# [Exercise details]
Return nothing but the lines from the one with "Photo - 4 Bedroom, 2" through the one with "Komatsu PC70-8 - Mini pelle: photos 4 Komatsu" in the data below, word for word and without pictures.

# [Data]
*** Begin section ***

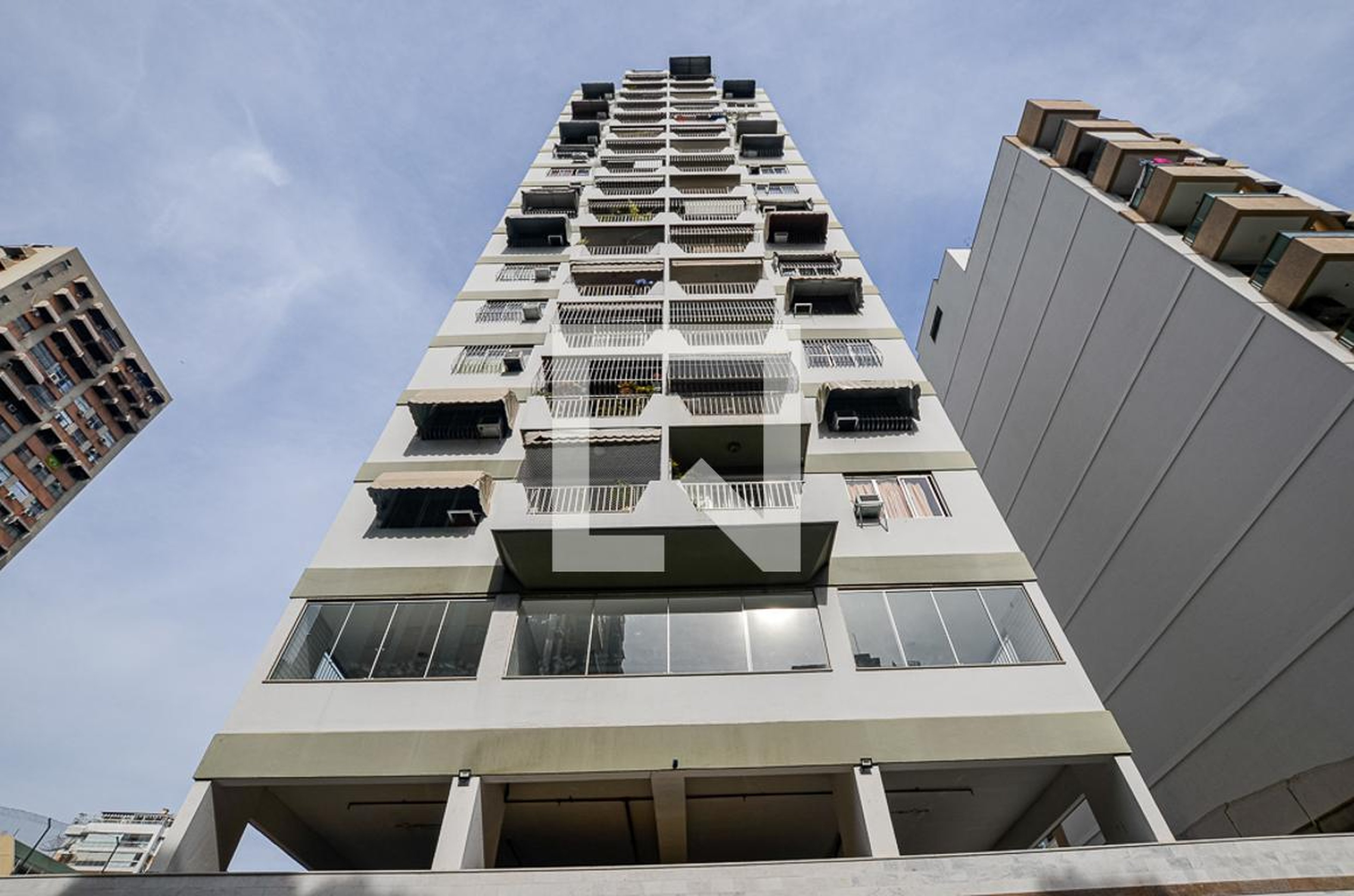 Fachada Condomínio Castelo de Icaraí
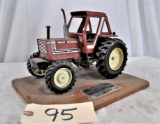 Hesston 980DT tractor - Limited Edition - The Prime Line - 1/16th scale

*** End section ***
*** Begin section ***

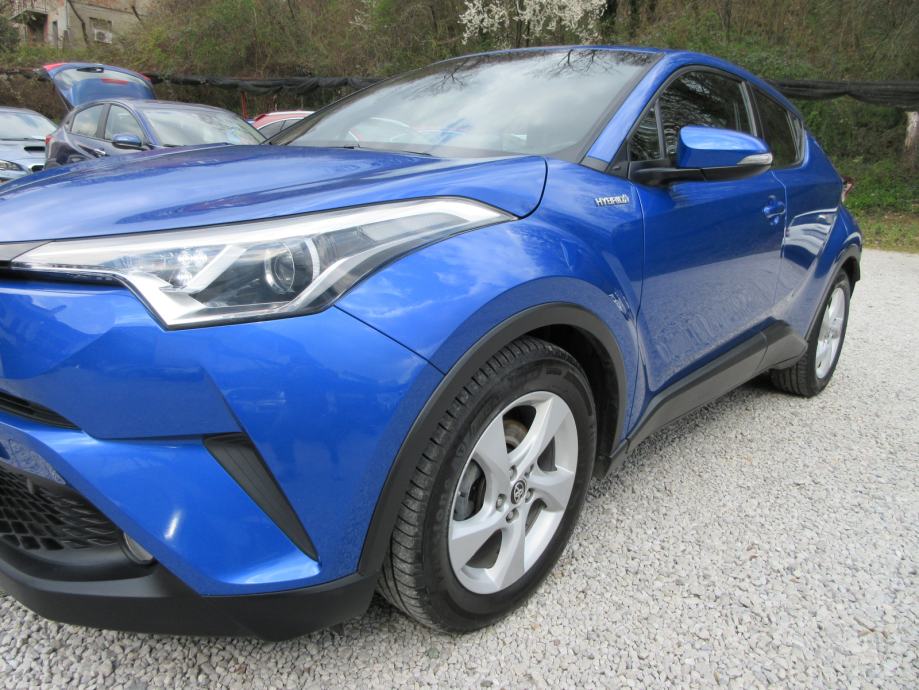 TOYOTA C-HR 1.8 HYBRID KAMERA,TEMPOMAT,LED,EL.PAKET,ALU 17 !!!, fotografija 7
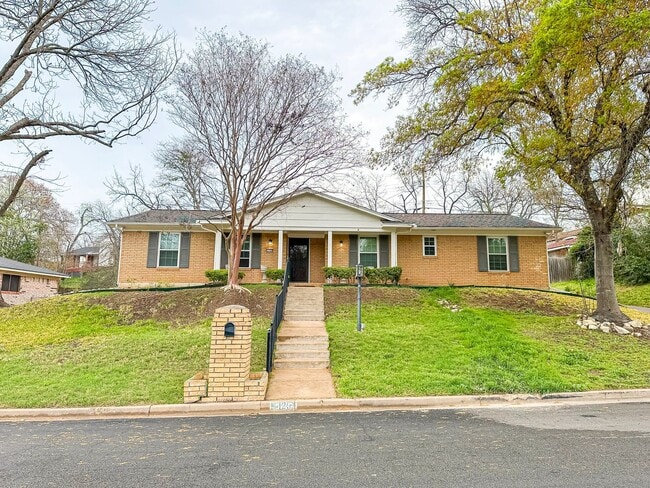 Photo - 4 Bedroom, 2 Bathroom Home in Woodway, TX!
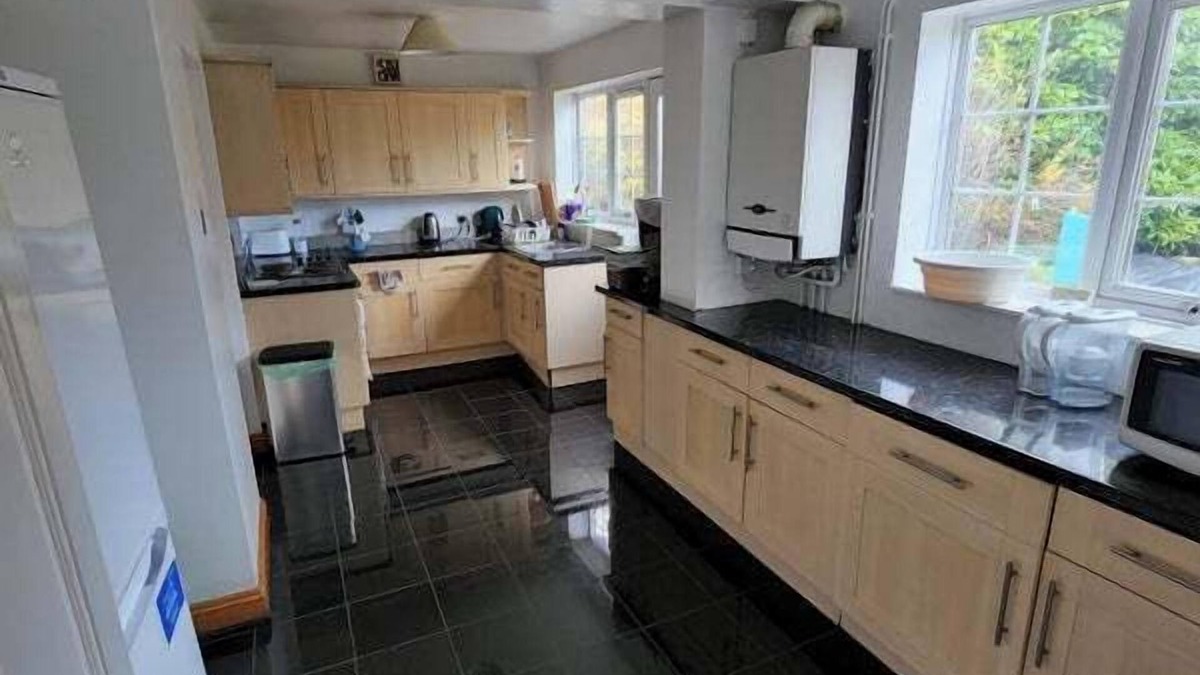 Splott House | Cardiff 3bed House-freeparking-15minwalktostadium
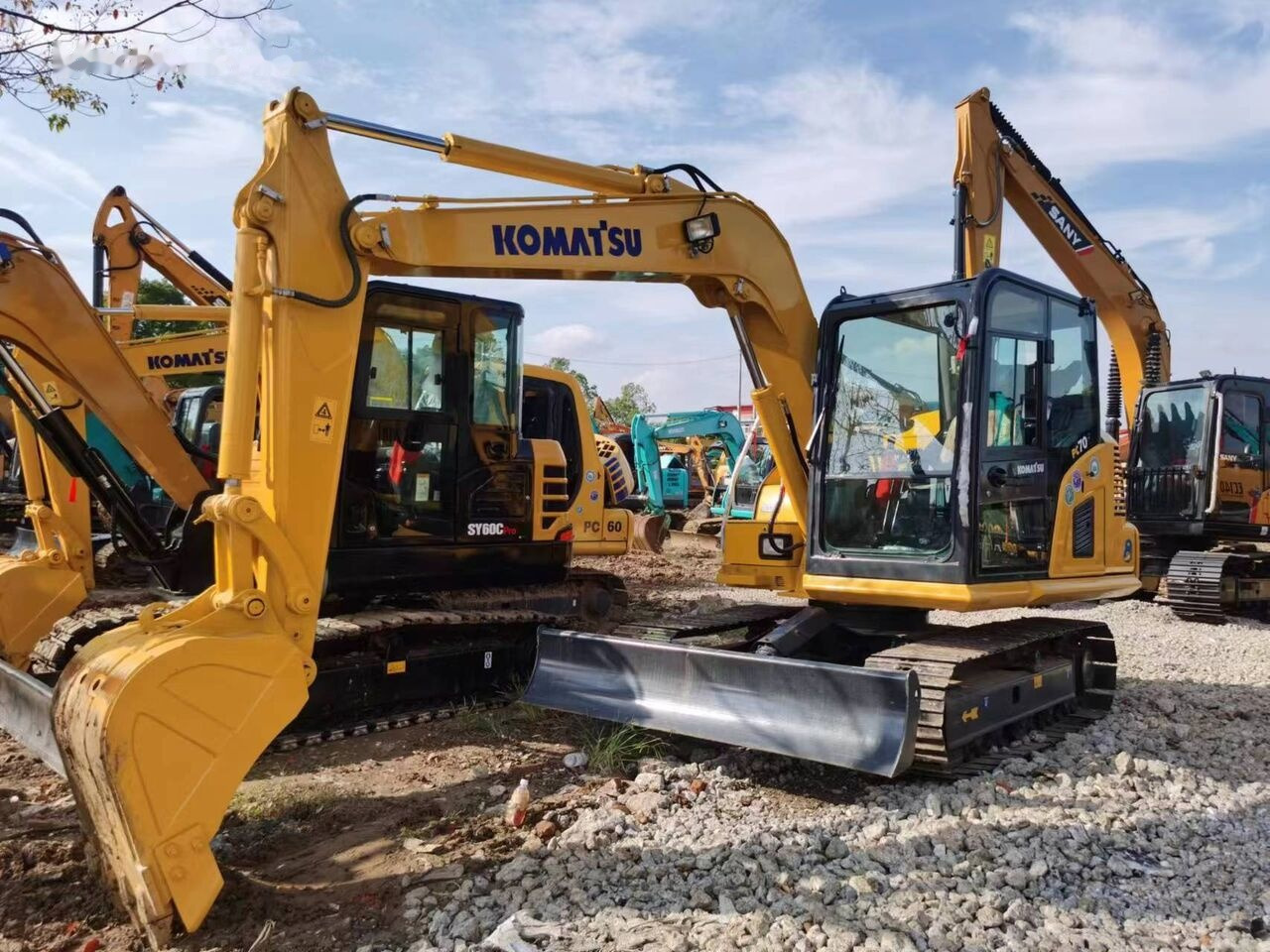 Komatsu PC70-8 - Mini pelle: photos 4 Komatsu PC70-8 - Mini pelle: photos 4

*** End section ***

# [Exercise output]
 Photo - 4 Bedroom, 2 Bathroom Home in Woodway, TX!
 Splott House | Cardiff 3bed House-freeparking-15minwalktostadium
 Komatsu PC70-8 - Mini pelle: photos 4 Komatsu PC70-8 - Mini pelle: photos 4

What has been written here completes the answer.